July 7, 2011

0 Seven Tips for Visiting the Republic of Ireland

1.  Have a car.  Unless you want to stay in Dublin, or bus (coach) between major cities and tourist sites, a car will come in very handy.  If you do rent a car- drive on the left!!

2. Do your site-planning ahead of time.  Ireland's historic sites don't seem to be as well organized as England or Scotland's, so be sure you know your site's hours and days open.  One thing we found out halfway through our trip was that many of the sites we saw were Heritage Ireland sites.  Sadly, the first three Heritage Ireland sites we saw had no markings of being such, so we didn't know to get a membership and save some money.  One other thing we found out by chance was that Heritage Ireland sites were free on Wednesdays for the summer.  Luckily, we were already planning a couple of them that day!

3. Ask for help, suggestions, etc.  The Irish are a friendly people, and happy to show off their country.  Feel free to ask for restaurant recommendations, sites to see, or tips for...

4. Festivals!! Ireland is rampant with festivals, and there is no better way to experience another country's greatest thrills, celebrations, and events.  We were planning on attending Clonmel Day, which happens to fall during the Junction Festival.  We looked at the plays that were on for the night we were there and asked for recommendations- and saw one of the funniest plays either of us has ever seen, Cheery Wild Production's Love All!

5. Be ready to eat!  While Ireland is (very, very) expensive, the food is worth it.  From seafood to Chinese to traditional Irish to Italian, every meal we ate was wonderful.  We ate at a couple of restaurants recommended by our Rough Guide travel book, a few places recommended by our B & B hosts or locals, and many we just stumbled across at hungry moments- and they were ALL great!

6. Do some of the more obvious sites, even if you're feeling "too cool".  Blarney Castle is surprisingly pleasant and well run, and the Waterford factory is a marvel in skill and creativity.  Ring of Kerry and the Dingle Peninsula offer beautiful vistas and coasts as well as charming villages.  While we were disappointed with Bunratty, which our 1000 Places to See Before You Die book lists with Blarney as the best castles in Ireland, we found most of the more well-known sites to be quite pleasing. 

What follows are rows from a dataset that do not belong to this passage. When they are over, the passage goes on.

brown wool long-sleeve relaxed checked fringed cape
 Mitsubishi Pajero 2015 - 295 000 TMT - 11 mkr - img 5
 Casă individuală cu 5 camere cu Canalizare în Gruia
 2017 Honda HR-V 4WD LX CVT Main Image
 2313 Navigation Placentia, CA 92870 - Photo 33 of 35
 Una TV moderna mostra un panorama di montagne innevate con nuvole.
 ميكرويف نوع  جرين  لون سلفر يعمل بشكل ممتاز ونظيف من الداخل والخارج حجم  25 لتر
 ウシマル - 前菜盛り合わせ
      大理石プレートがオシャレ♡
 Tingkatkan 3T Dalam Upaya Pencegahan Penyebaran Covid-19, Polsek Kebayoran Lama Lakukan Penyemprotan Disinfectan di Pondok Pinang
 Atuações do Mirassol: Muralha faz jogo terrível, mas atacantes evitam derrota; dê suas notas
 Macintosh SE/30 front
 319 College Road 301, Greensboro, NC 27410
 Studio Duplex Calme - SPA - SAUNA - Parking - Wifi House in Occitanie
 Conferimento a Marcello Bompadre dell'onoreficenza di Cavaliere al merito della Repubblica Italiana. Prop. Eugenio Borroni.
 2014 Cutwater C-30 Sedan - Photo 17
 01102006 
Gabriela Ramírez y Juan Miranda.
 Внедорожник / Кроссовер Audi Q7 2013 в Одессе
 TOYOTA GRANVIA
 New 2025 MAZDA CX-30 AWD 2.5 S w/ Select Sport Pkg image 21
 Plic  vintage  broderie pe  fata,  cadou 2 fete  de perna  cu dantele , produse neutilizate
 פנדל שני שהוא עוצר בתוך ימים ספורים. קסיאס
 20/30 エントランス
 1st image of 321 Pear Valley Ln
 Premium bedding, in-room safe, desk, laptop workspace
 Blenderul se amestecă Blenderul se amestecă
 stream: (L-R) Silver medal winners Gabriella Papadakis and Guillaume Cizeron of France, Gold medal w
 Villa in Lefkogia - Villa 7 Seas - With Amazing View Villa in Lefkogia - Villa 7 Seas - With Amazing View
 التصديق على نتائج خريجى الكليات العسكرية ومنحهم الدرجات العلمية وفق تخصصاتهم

7.  Don't be afraid to venture off the beaten path- while Charleville Castle wasn't open to the public, it does have a beautiful exterior.  Cahir Castle and Jerpoint Abbey are lesser known sites, although not hidden, and there were only 2-4 other people at each site whilst we were there.  Kylemore Abbey is fairly known, but a good ways from any other sites/towns.  Despite this, it's worth the drive, as the roads through Connemara display some of Ireland's greatest landscapes. 

As the little girl on our ferry said "Ireland, YAY!"  Enjoy your trip!